I. Sacred Space and Making the World Sacred

Of the pairs of opposites indicated by the chapter titles. the first, "Sacred Space," tells us that space is not homogeneous in quality; that is, some parts of space are perceived of as different in quality from others (20ff). Those places where theophanies occur are clearly different; just as the Sacred is "more real" than the Profane, so Sacred Space is more… something… than Profane. If we could describe that quality, it wouldn't be Sacred; Otto calls it "numinous." And just as originally cosmos was brought out of chaos, so the consecration of any space repeats the original creative act (32ff). Such places become "the center of the world" (36ff), and "our world" is always at the center (42ff). Eliade says more on Sacred Space, but this is enough for our purposes. Sacred Space is That Space; but This Space can be made into That Space through ceremony and hierophany.

II. Sacred Time and Myths

As for "Sacred Time," another one of Eliade's great terms is illud tempus, "That Time," as opposed to This Time governed by the motions of the planets. That Time is still, eternal--not "everlasting," but of a different nature from This Time, which is ever moving forward. This seeming motion, however, is actually circular: the world is renewed with the coming of each new year (77ff). Both this natural cycle, and the ritual "return to the time of origins," help humans to create the world anew (80ff). This is done through such activities as festivals (85ff) and "reactualizing myths" (99ff).

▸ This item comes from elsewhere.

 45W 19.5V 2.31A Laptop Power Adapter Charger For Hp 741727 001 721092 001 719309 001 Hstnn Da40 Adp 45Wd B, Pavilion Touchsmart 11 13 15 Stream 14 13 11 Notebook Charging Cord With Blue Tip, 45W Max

It is not surprising to think that Space can be divided into That and This, as we discussed in "The Two Worlds." However, Eliade says that the hierophany can also transform external nature, such that a tree becomes a Sacred Tree, or a rock a Sacred Rock.

III. The Sacredness of Nature and Cosmic Religion

Thus in "The Sacredness of Nature," he says, "For religious man, nature is never only 'natural'; it is always fraught with religious value" (116). Recent thinkers like Mathew Fox and Thomas Moore have popularized the idea of seeing nature as Sacred; but what Eliade is proposing here is something more like Huxley's first point: Nature is God, or at least of the gods: "The gods…manifested different modalities of the sacred in the very structure of the world and cosmic phenomena" (116). And later, "The cosmos as a whole is an organism at once real, living, and sacred…" (117, emphasis his). Gods are discussed, as is the "perenniality of celestial symbols" (128ff). Water (129ff) and earth (138ff) are explored as symbols, as are women (144ff) and vegetation (147ff) in terms of fertility. Finally, there is an assessment of the "desacralization of nature" (151ff).

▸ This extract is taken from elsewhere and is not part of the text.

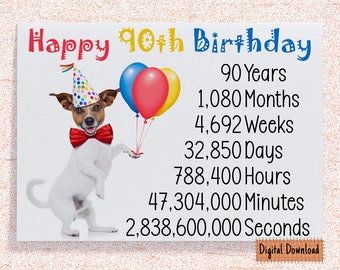 Printable Cute 90th Birthday Card, Birthday Card for 90th Birthday Grandma, Grandpa, Uncle, Aunt Mom, Dad Cute Dog Birthday Wishes 90 Years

IV. Human Existence and Sanctified Life

After much important exposition, Eliade comes at last to the culmination of his argument: "Human Existence and Sanctified Life." His homo religiosus has an "existence open to the world" because "it is not strictly confined to man's mode of being" (162, 166). All of life can be sanctified (167ff); there is a micro-meso- macrocosmic relationship between the body, the house, and the cosmos (172ff). The rites of passage (184ff), initiation (188ff), social structures (192ff), and funerary customs (195ff) all facilitate having a foot in each modality, allowing participation in That while living in This.

Eliade's Sacred, like Jung's collective unconscious, points toward a unitive experience among all human beings. Eliade says much about the Sacred, but in the end never differentiates, say, the Indian Sacred from the Mesopotamian Sacred, or the Kwakiutl from the Chinese. Whatever the cultural trappings of the hierophany, there is a single That lying behind the manifestations.